It seems like there are always rumblings these days about a looming economic recession. Justified or not, this anxiety has many looking to diversify their portfolios. In this article, we’ll look at REITs vs. crowdfunding – two forms of investment that many people use for just that purpose.
While speculation is usually not the best idea for the passive investor, diversifying your portfolio is not the worst idea – regardless of the economic climate. By definition, a lack of diversity is what can often cause a portfolio to be unnecessarily volatile.
Both REITs and crowdfunding (specifically crowdfunded real estate) can, in theory, add diversity to your portfolio by adding an asset class that is less dependent on how corporations are performing.
What are REITs?
REITs are real estate investment trusts. Unlike index funds, REITs are companies that own and manage real estate properties. In other words, investing in a REIT means you are owning real estate without having the responsibility of managing the property yourself, like you would if you were a landlord.
When you invest in a REIT, you don’t invest in real estate directly, however. That also means the company that manages the REIT makes all of the investing decisions. Thus, you should be sure you are investing in a REIT that invests in the type of properties you want to see them investing in.
To invest in a REIT, you can buy shares in it just like you would with stocks or index funds.
There are two main types of REITs: equity REITs and mortgage REITs. As you might be able to guess, mortgage REITs make money primarily by issuing mortgages on properties. Mortgages charge interest, and that interest makes it back to shareholders of the mortgage REIT.
It’s a little less obvious what an equity REIT is based on its name alone. You have probably heard of someone who has made one or more payments toward their mortgage as having “equity” in their home, but that doesn’t apply to this example.
Instead, equity REITs are real estate companies that buy income-producing commercial real estate properties. They then lease those properties to tenants and the income is paid out to investors in the form of dividends. The dividend payout ratio for REITs must be at least 90%.
What is Real Estate Crowdfunding?
Think of real estate crowdfunding as the “GoFundMe” of real estate purchasing. No, I’m not talking about a GoFundMe that is started to send a woman around the world for her “spiritual healing.” In this case, we’re talking about funding that will actually benefit all parties involved (or should, at least).
But real estate crowdfunding is much the same as funding these causes because you are funding a specific real estate project. So, rather than investing in a company that does what it chooses with your money, you will know the details of the project before you invest.
Perhaps that is one of the reasons crowdfunded real estate has gained popularity in recent years. Another reason is that in 2012, the Jumpstart Our Business Startups Act permitted real estate projects to start marketing directly to potential investors. This can now be done in the same places you see anyone advertising anything these days – Twitter, Facebook, and the like.
All this has also given rise to an increase in accessibility to crowdfunded real estate. At one time, there were significant barriers to entry – such as needing large sums of money to invest.
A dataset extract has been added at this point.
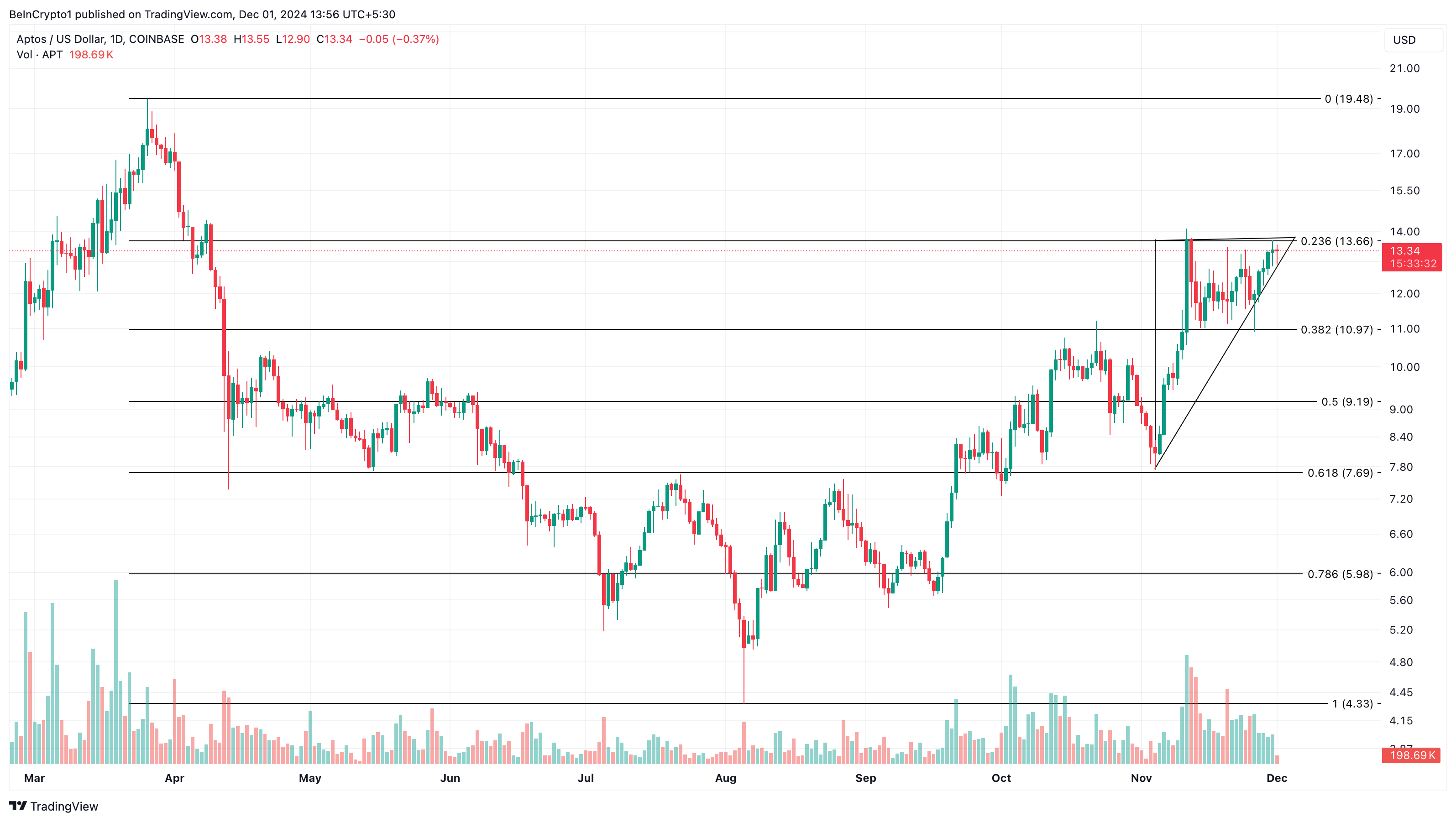 Aptos price analysis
Now, with services such as Fundrise, almost anyone can invest in real estate crowdfunding.
REITs vs Crowdfunding: Which is Better?
When comparing these two forms of investment, one is not necessarily better; they are just different. Both come with their own pros & cons.
For example, as mentioned above, REITs must pay out at least 90% of the income as dividends. This could also be seen as a con, though, since REIT income is usually reinvested back into the business. And because you are investing in a company rather than a single property, you may be diversifying your real estate income since the REIT may have income from many different properties.
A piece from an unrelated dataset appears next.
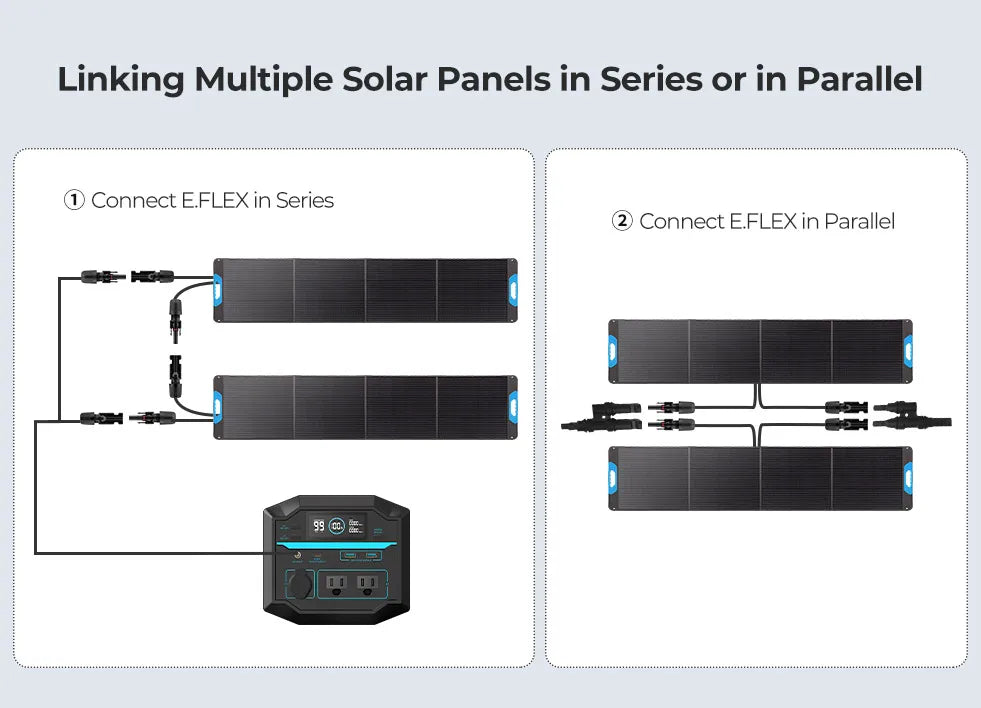 200W Portable Solar Panel, IP65 Waterproof Foldable Solar Panel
However, REITs aren’t perfect. For example, some data suggests that public REITs are actually correlated with stock market performance. Thus, these REITs may not be as well-suited to, say, hedging against a volatile market. On the plus side, REITs can be easily traded; they are much more liquid than investments in crowdfunding.
Those who are experts in a particular type of property may value crowdfunding since they can choose which type of properties their money goes toward. As a result, returns on crowdfunded real estate can be higher, and often are for the savvy investor. In addition, they may be less tied to market performance due to being part of one particular real estate project.
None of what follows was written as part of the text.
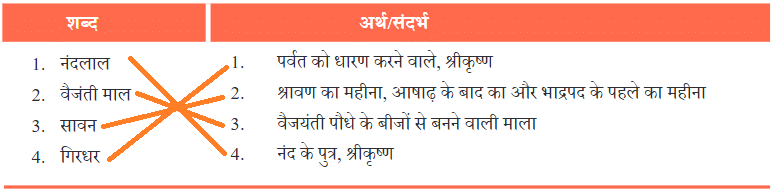 NCERT Solutions for Class 7 Hindi Chapter 10 मीरा के पद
Plus, those who crowdfund a real estate property might feel more “connected” or emotionally invested in the project. They might feel more involved, too. This may or may not be important to you, but for some, it could be a big deal.
In either case, the biggest benefit is that you don’t have to have huge sums of money to invest in real estate. Plus, you’re able to invest in income-producting assets without having to do all the work of managing the property yourself.
At the same time, you are able to take advantage of commercial real estate, which tends to have less turnover than residential real estate.
And, in either case, your losses will be much less if a project turns out to be unsuccessful. If a REIT buys a multi-million dollar office building and the company occupying it goes under, you won’t be feeling the pain nearly as much as a REIT investor as you would if you were the sole owner of the building. Same goes for a crowdfunded office building.
So, indeed, one type of investment is not necessarily better than the other. It mostly depends on what type of investor you are and what you hope to get out of your investment.